[Before I put April Fools' in the title of this post, quite a lot of people were falling for it! Rest assured that nothing here is true 🙂 ]
I am writing this post with a heavy heart, but the lies must end. I can't do this any longer – the guilt is tearing me apart!
It's time I revealed the truth to you all. This may sound incredible, but all will be explained:
I don't actually speak any languages but English! All the Youtube videos I've ever made in other languages were done by reading a phonetic transcript of the words that I had a native prepare for me.
Benny the linguist
You see, I am actually a phonetician (i.e. a linguist that studies the phonetics of languages), but like many linguists all I do is study how languages and the processes behind them work – I don't actually speak them!!
All of you have been part of elaborate research for my PhD thesis about demonstrating the potential of IPA, the International Phonetic Alphabet. I wanted to prove that you could fake knowing an entire language just by becoming an expert in reading and pronouncing those symbols accurately.
You will recognise these symbols beside words in most English dictionaries and most of what I have been reading for online audio production has actually looked like this:
‘tio ɪz'tæsu nu'ʃərtso
After a year of research and preparation, I applied my attempts publicly back in 2008 when I started making videos on Youtube to read out IPA that was based on text prepared in various languages. University funding allowed me to simply hire some translators and phonetic transcribers familiar with those languages.

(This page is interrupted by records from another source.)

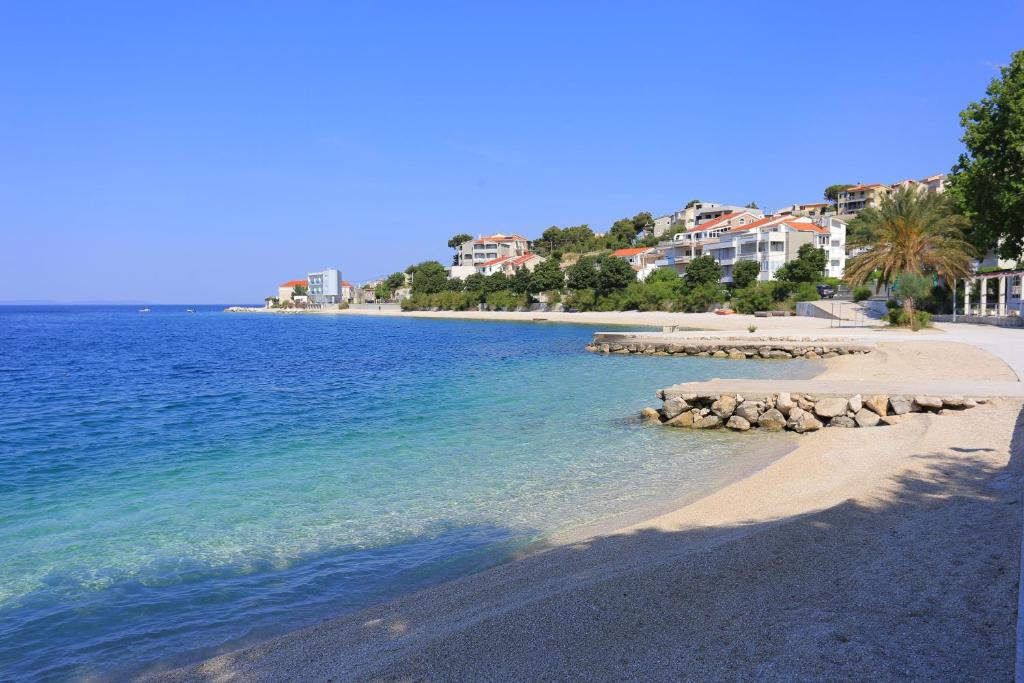 Apartments by the sea Orij, Omis - 7534 photo 4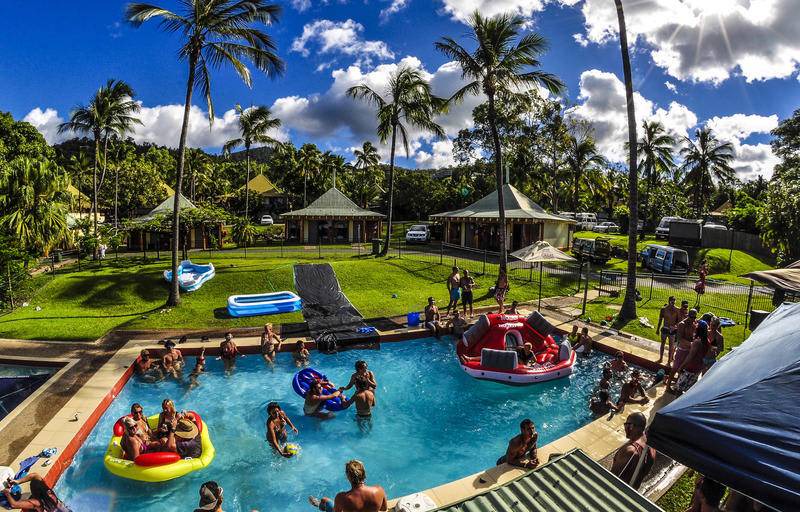 Airlie Beach Hostel | Hostel ∙ 8 guests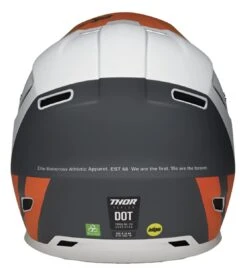 Thor Reflex Cube Helmet -Motorcycle Helmet Shop thor reflex cube helmet red black 7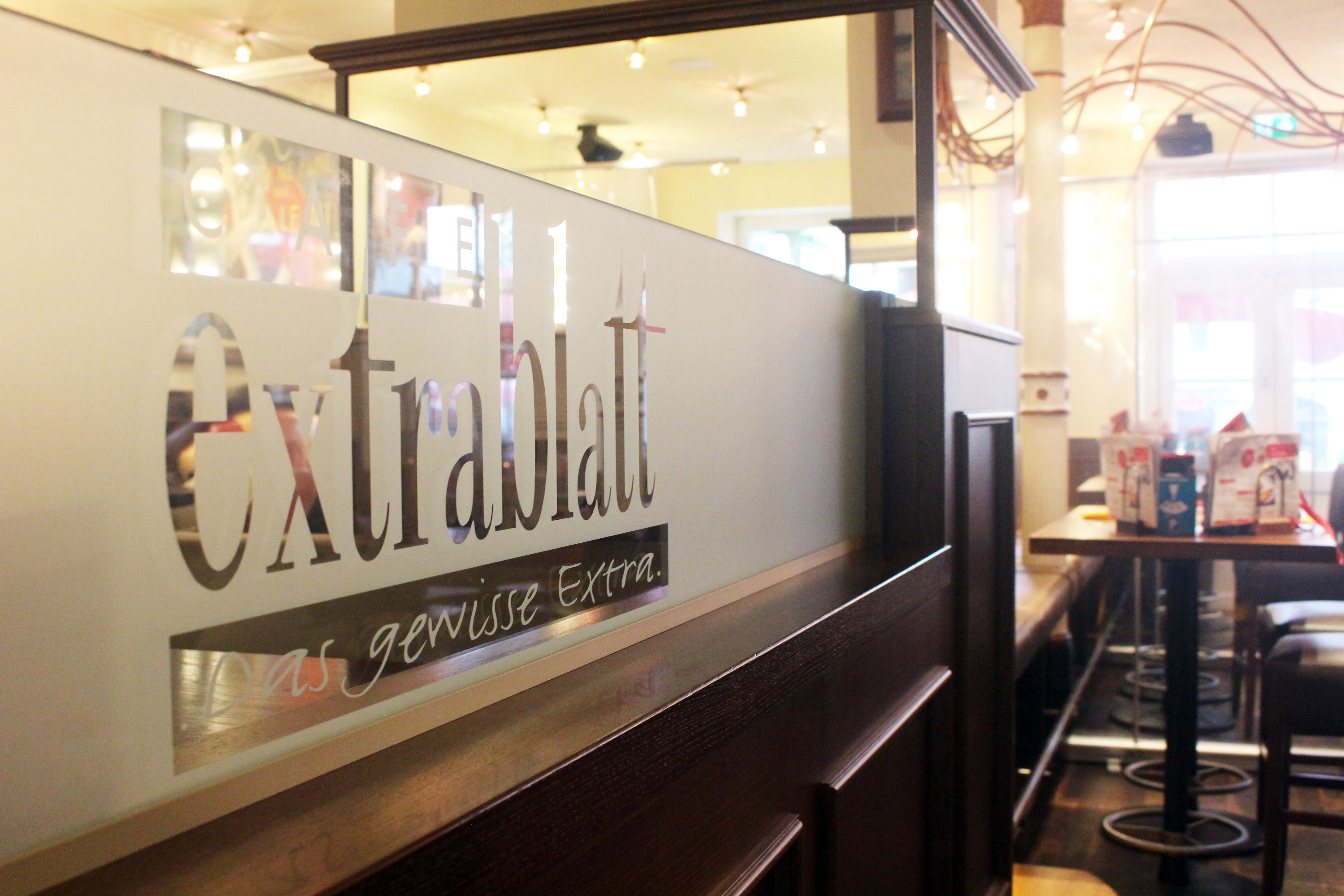 Cafe Extrablatt Ibbenbüren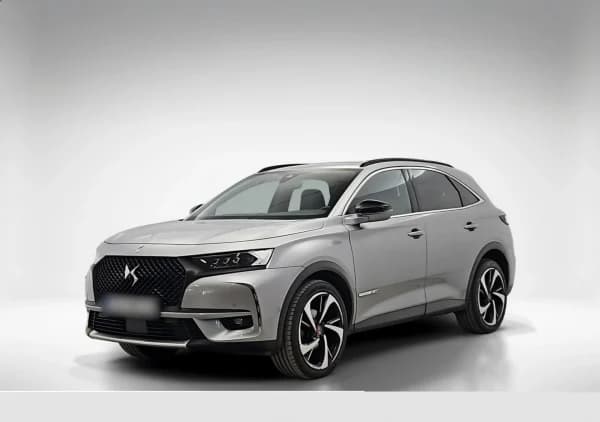 DS 7 1.6 PureTech Performance Line + aut 2022 - używany samochód w leasingu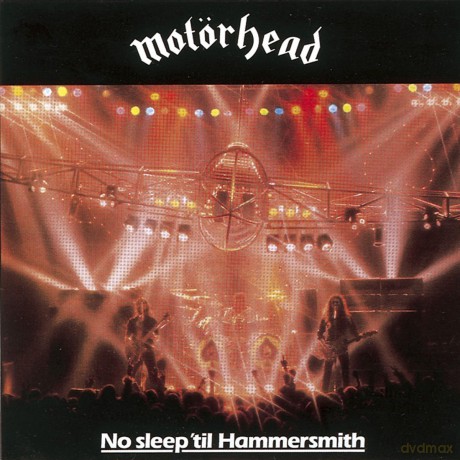 Motorhead: No Sleep 'Til Hammersmith [CD]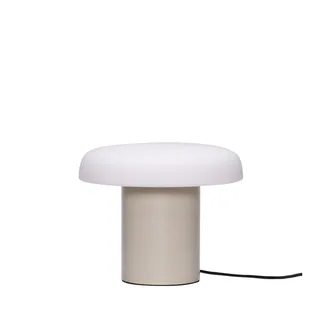 Ateliers Table Lamp Sand/White van Hübsch – productfoto 4 van 4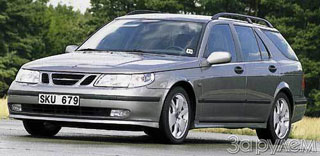 Saab 9-5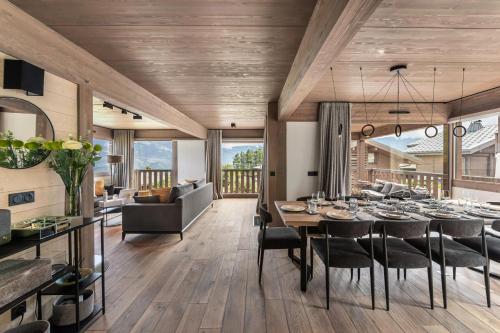 Résidence Grand Soir - Chalets pour 14 Personnes 874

Less than two years ago I started blogging to get more attention simply because I needed to convince at least 1,000 people that my claims were true for validity for increased funding from the university board. But things got a little out of hand! I'm currently getting over 60,000 hits a month for this psuedo-project! Now that I have tens of thousands of comments on the site from people who I had tricked, my professor assures me that I will be able to go as far as to get an honourable mention in the Journal of Phonetics!! For this, I thank you!
I picked a ridiculous name of Fluent in 3 months and made some things up about being social and confident and believing in yourself or whatever (nonsense! School systems have shown for hundreds of years that you need at least 5 years of structured classroom learning just to get the basics in any language, I can't believe any of you fell for this “Learn while you speak” communicative rubbish!)
Faking the videos
Reading phonetic script off-screen for various languages in my videos was obviously easy. I used the excuse that I was aiming for “documentary” style videos and that it was “too much work” to record the video seven times over and more “efficient” to add audio separately. Most people fell for this, but to take it to the next level, I needed to record myself speaking on camera!
Since I couldn't possibly remember all the IPA script for several minutes when talking on camera, I came up with clever ways to allow me to read them without it seeming like I was! Too many Youtube polyglots are just staring into their computer screen while they rattle off languages, and that's not convincing enough!
I didn't want to be outed publicly at such a crucial stage of the research.
So if you look at my Language Hacking Guide video, you will see that when I transition into Spanish (for example), I throw the Orange very carefully, while making it look like I'm casually just playing with it!
I rotate it in a way that took me hours to master, while still covering parts of it since those were the parts where I had written my script! I glance at it very quickly to make it seem like my eyes are going all over the place. I did the same thing with all the other objects – you can see me glance quickly under the base of the Eiffel tower, Colosseum replica etc.
Most of my practice for that video involved holding those items in the right way. To this day I'm very proud of how skilfully I threw around that orange!!
The “Irish” persona
One of the hardest parts of all of these lies were how extensively they went. I'm very sorry but I have to admit to you all that I'm not even Irish!!
Using advanced studies in audio laboratories I pinpointed typical Irish phonemes to mimic whenever I'd speak in English. This was both part of the misleading aspect of the experiment to show what I could “speak”, and a simple ploy to get more gullible subscribers. Everyone loves the Irish! They'd never lie!
I went as far as to even force myself to write using a European flavour of English (see that extra u??)
I'm actually from Durham, North Carolina! My doctorate in phonetics will be completed here at Brink A. Deira University.
As the project gained credibility, the school board increased my budget and allowed me to make brief trips to other countries. I wouldn't spend several months there as I claimed – it would usually just be a weekend. I'd record enough video and change my clothes several times between clips, all in the one day, to make it seem like I was there longer.
I didn't need to actually interact with locals at all since we have enough recordings of their languages in our lab back in the states.
For the current “mission” I didn't actually learn any sign language – I just practised for those two videos by mimicking a signer for just those words and didn't learn anything else. This month of blogging was just to buy some time until my thesis was given the final OK.
The end of an era
Since my thesis proposal has been enthusiastically accepted, and will make the most groundbreaking contributions to phonetics studies of our generation, I no longer need to write on this blog. Once again I'm really sorry if you actually believed any of this “social learning” stuff.
Just so you can see how I was reading the text on the back of that orange, I've shown how I was reading that orange and explained it using my more natural American accent in this video. [Also here if Youtube can't display it] I hope it will make things clearer!
I look forward to reading your comments about the importance of this research and how convincing it all was!